The good news about last night is that I feel really sure that Enas is, in fact, excited about this wedding and this marriage. Twice during our mostly-silent watch under the grape vines Enas borrowed my cell phone and called Yusuf, speaking quickly and quietly and with urgency but not hostility. Whatever was causing the brouhaha, it was apparent that Enas and Yusuf weren’t invested in it. They want to get married. This is both reassuring and sad: that a family disagreement of some sort could keep them from getting married is distressing. But that they communicated calmly and were supportive of each other throughout the maelstrom seems like a great sign.

By the time the house phone rang at 2 a.m., Enas had been dry-eyed for a while. She even managed to sound calm and almost disinterested when she answered, responded “yes” a few times, and then gently hung up. Then she turned to us and grinned as she said “It’s all okay. Let’s go to bed!” I wanted answers so badly I literally itched — or maybe that was the mosquitoes, grateful that our outdoor vigil had left me even easier to munch. But I was also exhausted, and I barely even woke when Shakur and his parents clattered loudly back into the house two hours later.

Now I move myself out of the way as Asra and her younger sisters quickly move all the furniture out of the living room. This is no small feat, but the boys don’t offer to help, as they’re busy hammering together a plywood platform and positioning it at the end of the room farthest from the windows. As Shakur drives in the final nails, Bakar straightens up and says to me “Come help me move the chairs back here.”

I look around, surprised that he spoke first to me and not to one of his sisters, as he normally would. I realize no sisters are close to hand. In fact, it appears that the house is empty except for the three of us. I’m shocked.

“Where did everybody go?”

He rolls his eyes. “They went to have their hair done, obviously.”

“But they left me here!” I feel stupid, but this is really unusual.

Bakar looks like he’d like to roll his eyes again. “Your hair is already straight,” he says, and marches off towards the chairs we need to move.

*=*=*=*

By the time the ladies all return, with their beautiful curls straightened painfully into combed-out bobs, the boys have transformed the living room.
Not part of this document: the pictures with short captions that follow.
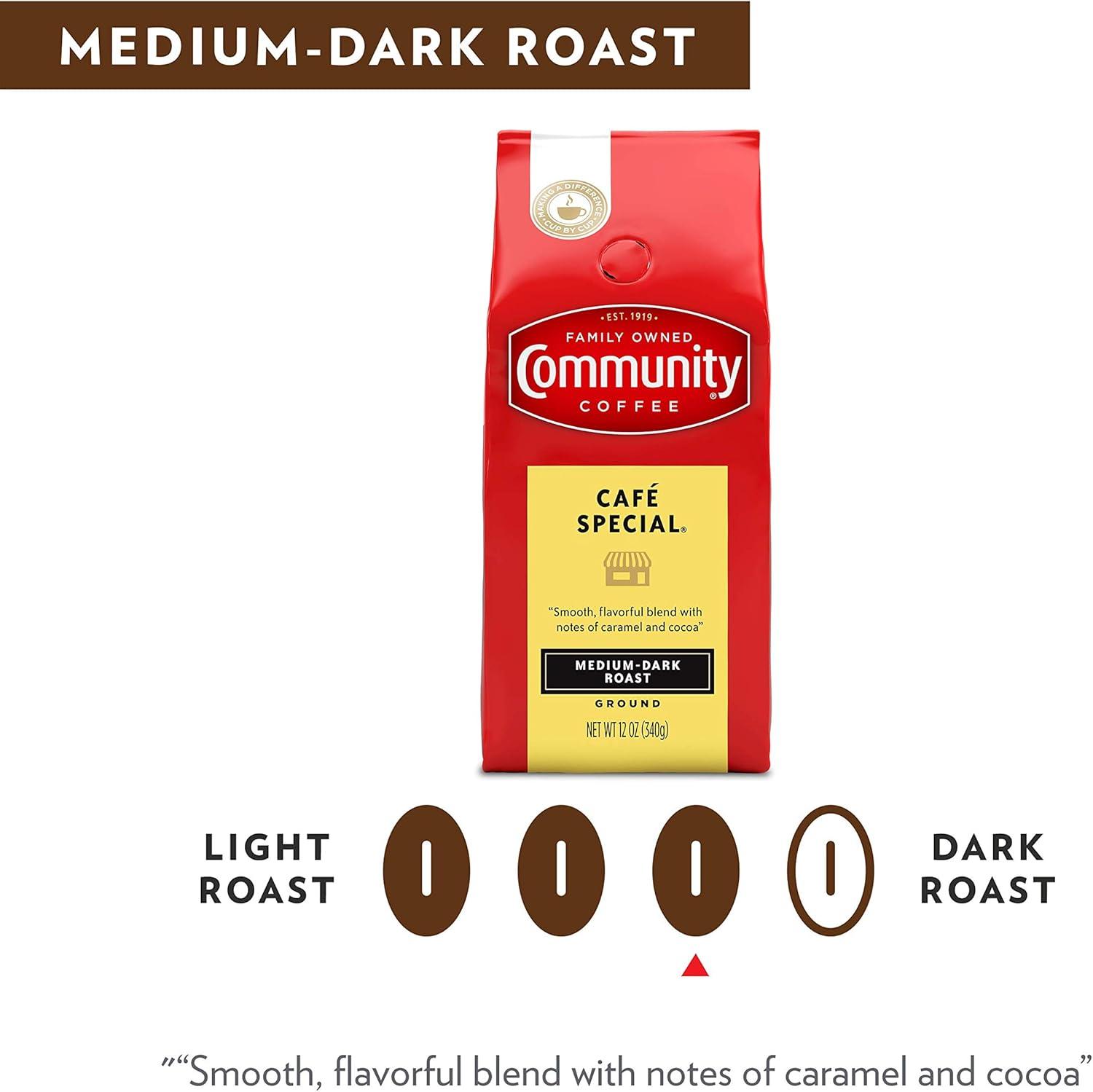 Community Coffee Café Special Medium-Dark Roast Ground 32 oz Gable Top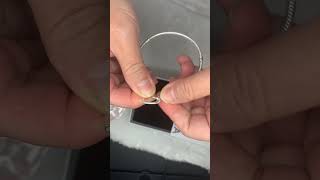 How to open close Pandora Moment Heart Closure Snake Chain Bracelet [upl. by Lau]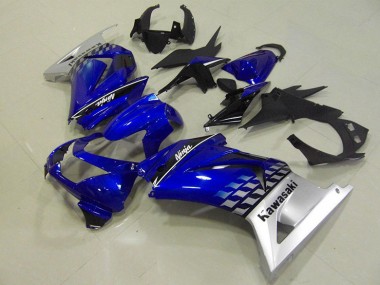 2008-2012 Blau ZX250R Motorrad Verkleidungen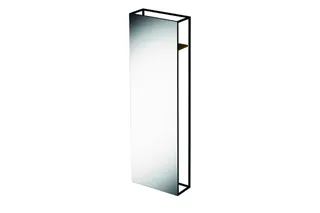 BE Badmöbel Lux Shape Standspiegel Q050 FH814 Weiß FStr matt 600x244x1900mm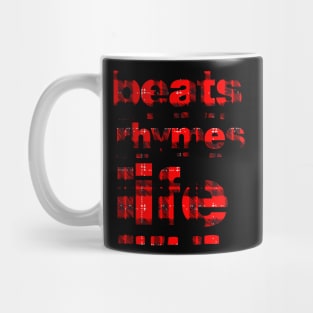 Beats rhymes life (red plaid) Mug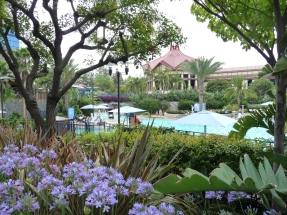 Courtyard of Disneyland Hotel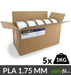 5 x 1kg PLA blanc 1.75 mm : dailyfil BOX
The plywood platform has been covered with a small, pretty rug. Two of the formal armchairs have been placed on the platform like thrones, and Um Shakur’s precious potted plants have been arranged around them artfully. Lastly Shakur tacked a string of plain Christmas lights up in an arch behind the whole arrangement. It’s simple and inexpensive but it looks lovely. It contrasts starkly with the rest of the house, which has been stripped of everything movable, from furniture to doilies.

The two back rooms are stuffed to the gills with everything that usually goes in the rest of the house, so it’s complicated for all of us to wedge ourselves into the master bedroom, but that is obviously what we need to do when Um Shakur discovers that I haven’t changed yet. Every female over the age of six (and a few under six!) crams around the bed while I awkwardly strip and put on my new thobe. Years ago I bought an antique wedding thobe in Jerusalem and it never occurred to me to bring it to Jordan with me, so I had to run out to Irbid and buy this one after Alice and I received our wedding summons. It is made of synthetic fabric and the approximation of a traditional embroidery pattern on my chest and down my legs is made of cheap metallic thread that itches against my bare skin. But it is greeted with universal acclaim. Um Shakur even says, with not-so-mild surprise, “That’s perfect. You picked a great dress!”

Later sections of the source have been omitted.